Philip set down the menu, in which he had been taking an unusual interest.
"Yes, I looked through them this afternoon," he acknowledged.
"There's a little one at the bottom, looks as though it had been shoved in at the last moment. I don't know whether you noticed it. It announced the mysterious disappearance of a young man of the same name as your own—an art teacher from London, I think he was. I wondered whether it might have been any relation?"
"I read the message," Philip admitted. "It certainly looks as though it might have referred to my cousin."
Mr. Raymond Greene became almost impressive in his interested earnestness.
"Talk about coincidences!" he continued. "Do you remember last night talking about subjects for cinema plays? I told you of a little incident I happened to have noticed on the way from London to Liverpool, about the two men somewhere in Derbyshire whom I had seen approaching a tunnel over a canal—they neither of them came out, you know, all the time that the train was standing there."
Philip helped himself a little absently to whisky and soda from the bottle in front of him.
"I remember your professional interest in the situation," he confessed.
"I felt at the time," Mr. Raymond Greene went on eagerly, "that there was something queer about the affair. Listen! I have been putting two and two together, and it seems to me that one of those men might very well have been this missing Mr. Romilly."
Philip shook his head pensively.
"I don't think so," he ventured.
"What's that? You don't think so?" the cinema magnate exclaimed. "Why not, Mr. Romilly? It's exactly the district—at Detton Magna, the message said, in Derbyshire—and it was a canal, too, one of the filthiest I ever saw. Can't you realise the dramatic interest of the situation now that you are confronted with this case of disappearance? I have been asking myself ever since I strolled up into the library before dinner and read this notice—'What about the other man?'"
Philip had commenced a leisurely consumption of his first course, and answered without undue haste.

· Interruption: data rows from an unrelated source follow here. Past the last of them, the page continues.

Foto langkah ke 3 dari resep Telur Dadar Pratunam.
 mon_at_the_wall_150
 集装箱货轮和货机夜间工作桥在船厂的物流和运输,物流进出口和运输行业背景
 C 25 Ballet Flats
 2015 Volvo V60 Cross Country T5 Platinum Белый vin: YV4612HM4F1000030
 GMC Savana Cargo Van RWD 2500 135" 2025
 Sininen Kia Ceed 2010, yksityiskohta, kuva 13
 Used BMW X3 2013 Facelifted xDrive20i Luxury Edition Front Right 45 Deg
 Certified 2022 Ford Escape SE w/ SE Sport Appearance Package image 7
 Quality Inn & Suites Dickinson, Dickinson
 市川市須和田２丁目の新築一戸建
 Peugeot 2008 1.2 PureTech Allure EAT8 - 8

"Well," he said, "if this young man Romilly is my cousin, it would be the second or third time already that he has disappeared. He is an ill-balanced, neurotic sort of creature. At times he accepts help—even solicits it—from his more prosperous relations, and at times he won't speak to us. But of one thing I am perfectly convinced, and that is that there is no man in the world who would be less likely to make away with himself. He has a nervous horror of death or pain of any sort, and in his peculiar way he is much too fond of life ever to dream of voluntarily shortening it. On the other hand, he is always doing eccentric things. He probably set out to walk to London—I have known him do it before—and will turn up there in a fortnight's time."
Mr. Raymond Greene seemed rather to resent having cold water poured upon his melodramatic imaginings. He turned to Elizabeth, who had remained silent during the brief colloquy.
"What do you think, Miss Dalstan?" he asked. "Don't you think that, under the circumstances, I ought to give information to the British police?"
She laughed at him quite good-naturedly, and yet in such a way that a less sensitive man than Mr. Raymond Greene might well have been conscious of the note of ridicule.
"No wonder you are such a great success in your profession!" she observed. "You carry the melodramatic instinct with you, day by day. You see everything through the dramatist's spectacles."
"That's all very well," Mr. Greene protested, "but you saw the two men yourself, and you've probably read about the case of mysterious disappearance. Surely you must admit that the coincidence is interesting?"
"Alas!" she went on, shaking her head, "I am afraid I must throw cold water upon your vivid imaginings. You see, my eyesight is better than yours and I could see the two men distinctly, whilst you could only see their figures. One of them, the better-dressed, was fair and obviously affluent, and the other was a labourer. Neither of them could in any way have answered the description of the missing man."
Mr. Raymond Greene was a little dashed.
"You didn't say so at the time," he complained.
"I really wasn't sufficiently interested," she told him. "Besides, without knowing anything of Mr. Romilly's cousin, I don't think any person in the world could have had the courage to seek an exit from his troubles by means of that canal."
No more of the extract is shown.